The avalanche method beats the snowball method for paying off student debt
The snowball and avalanche methods pay down debt quicker by making extra payments. The snowball method applies extra payments to the loan with the lowest loan balance. The avalanche method applies extra payments to the loan with the highest interest rate. The avalanche method is more effective for student loans.
There are no prepayment penalties on federal and private student loans, so nothing stops borrowers from accelerating repayment of their student loans. But, how one applies the extra payments can have an impact on the amount of time and money required to pay off the student loans.
The avalanche method is better than the snowball method
The snowball method argues that paying off a succession of small loans, one after another, will yield “quick wins” that help motivate borrowers to stick with making extra payments.

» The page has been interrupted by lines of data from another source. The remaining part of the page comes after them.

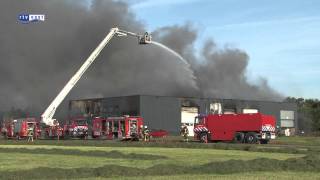 preview picture of video 'Grote brand in bedrijfspand op industrieterrein Veldkamp in Borne'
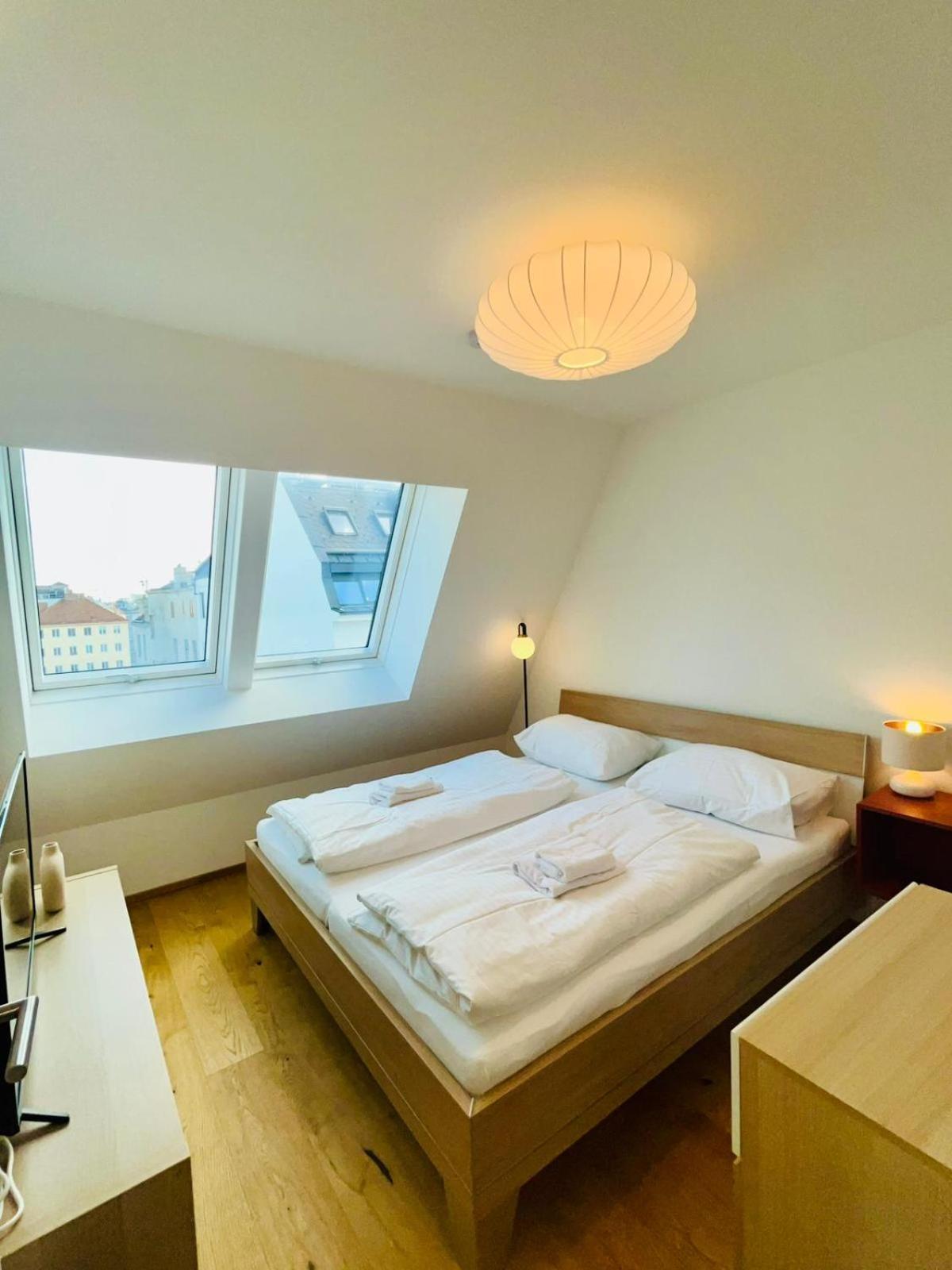 Orestaliving - Penthouse With Private Terrace Vídeň Exteriér fotografie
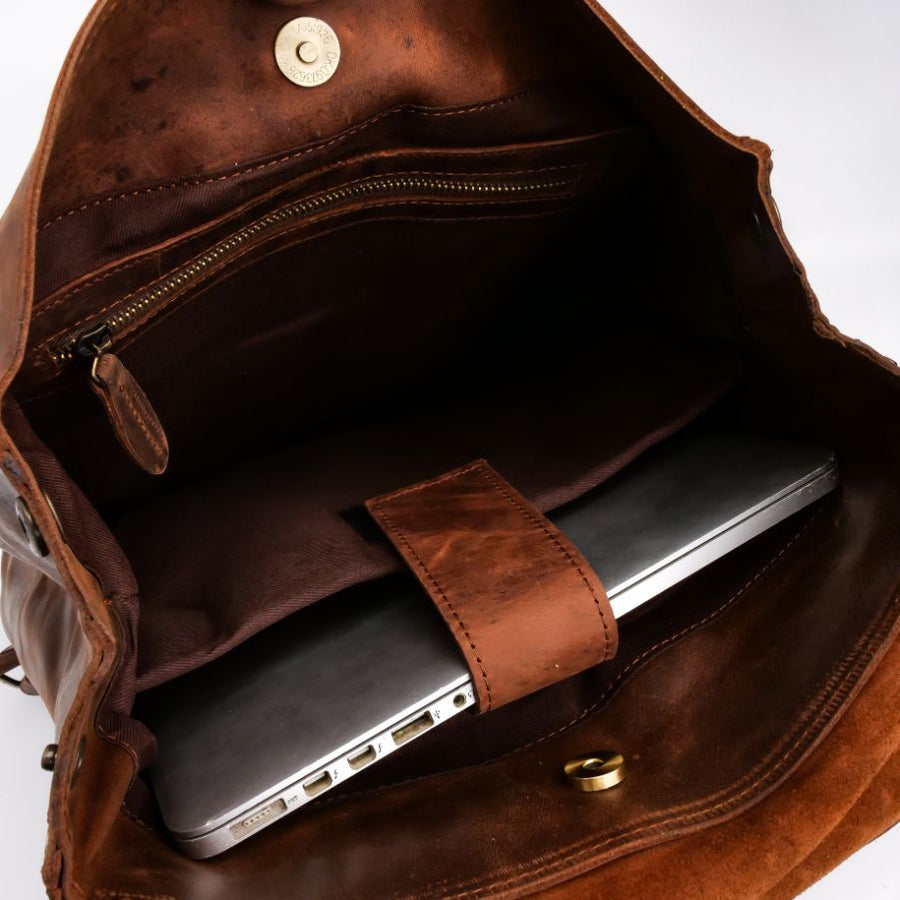 Artisan Crafted Adventure: Handmade Leather Backpack for Style on the Go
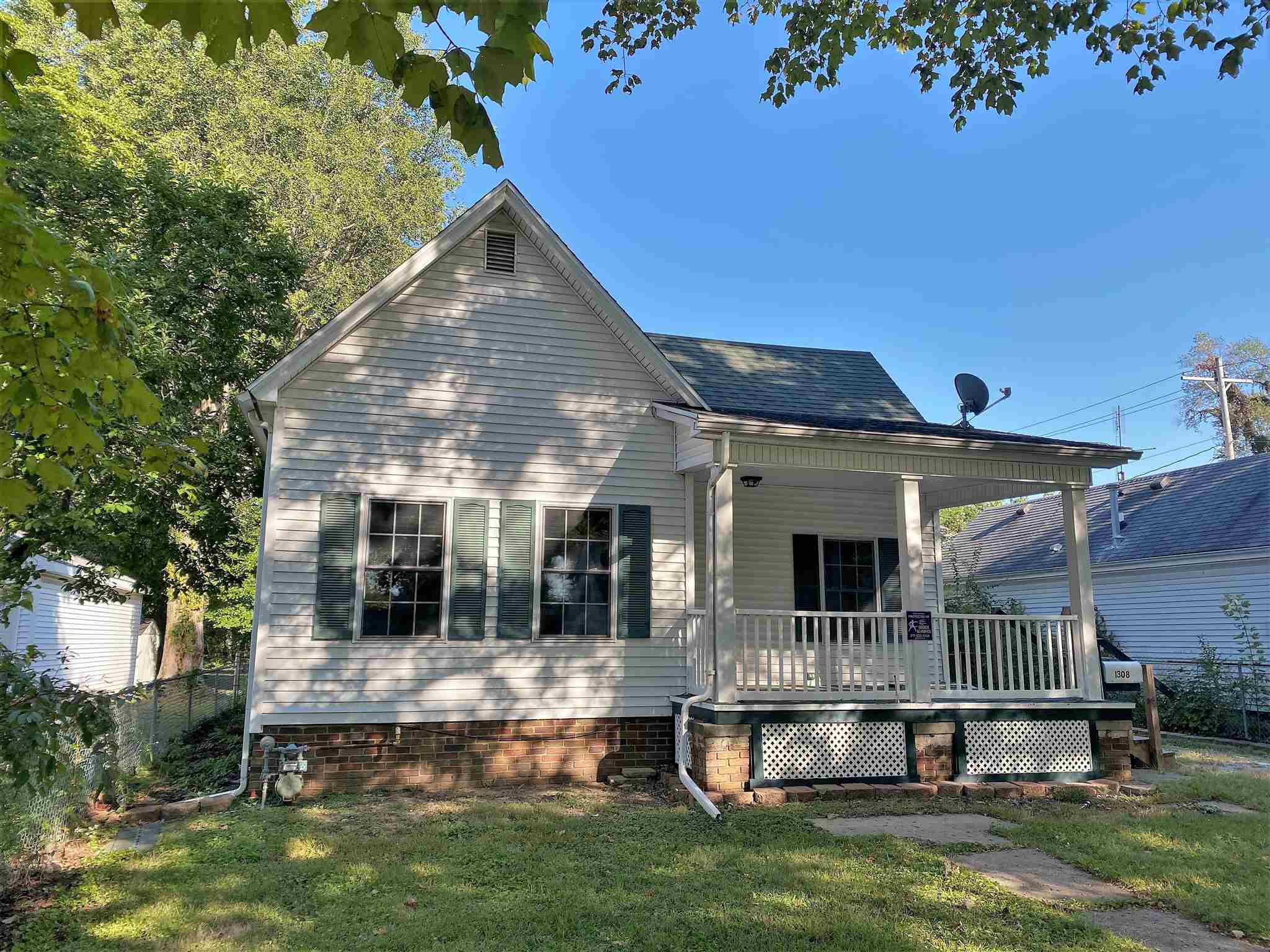 1308 North Rutledge Street Springfield, IL 62702 - Photo 2 of 19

The avalanche method, on the other hand, saves borrowers more money by paying off the most expensive loans first. This reduces the average interest rate on the student loan debt as the highest-rate loans disappear.
The snowball method works best with small loans, like credit card debt. It doesn’t work well with student loans, which tend to have larger loan balances. Student loans are paid off in decades, not months to years like credit cards, event with extra payments. There are no quick wins with student loans.
Accelerating repayment of the loan with the highest interest rate first will not only save the borrower more money, but it will also cause all of the borrower’s debt to be paid off quicker.
Example of accelerating student loan repayment
Suppose a borrower has two loans, a $5,000 federal student loan at 5% interest and a $7,500 private student loan at 7% interest. The monthly loan payments are $53.03 and $87.08, respectively, on a 10-year repayment term.
Suppose the borrower has an extra $100 a month to prepay her student loans, paying a total of $240.11 per month toward the two loans.
- If she follows the snowball method, she’ll apply the extra $100 to the $5,000 loan first, since it has the lowest loan balance. With the extra payments, this loan will be paid in full in 36 months, at which point the $100 a month plus the $53.03 per month from the $5,000 loan is applied to the $7,500 loan, in addition to that loan’s regular monthly payment. The remaining debt is paid off in 26 months. The total interest paid on the two student loans is $2,255.53 and all student loans are paid in full in 62 months.
- If she follows the avalanche method, she’ll apply the extra $100 to the $7,500 loan first, since it has the highest interest rate. This loan will be paid in full in 46 months, at which point the $100 a month plus the $87.08 per month from the $7,500 loan is applied to the $5,000 loan, in addition to that loan’s regular monthly payment. The remaining debt is paid off in 15 months. The total interest paid on the two student loans is $1,988.83 and all student loans are paid in full in 61 months.
Both methods save time and money, since repaying the student loans over a 10-year term without the extra $100 a month would cost a total of $4,313.87 in interest and require 120 monthly payments. Paying an extra $100 a month saves more than $2,000 in interest and knock almost five years off of the repayment term.
But, the avalanche method saves an additional $266.70 in interest compared with the snowball method and pays off the debt in full one month sooner, freeing up room to start saving for a child’s college education.
Although the snowball method pays off one of the loans quicker than the avalanche method (36 months vs. 46 months), taking three years to pay off the loan is hardly a quick win.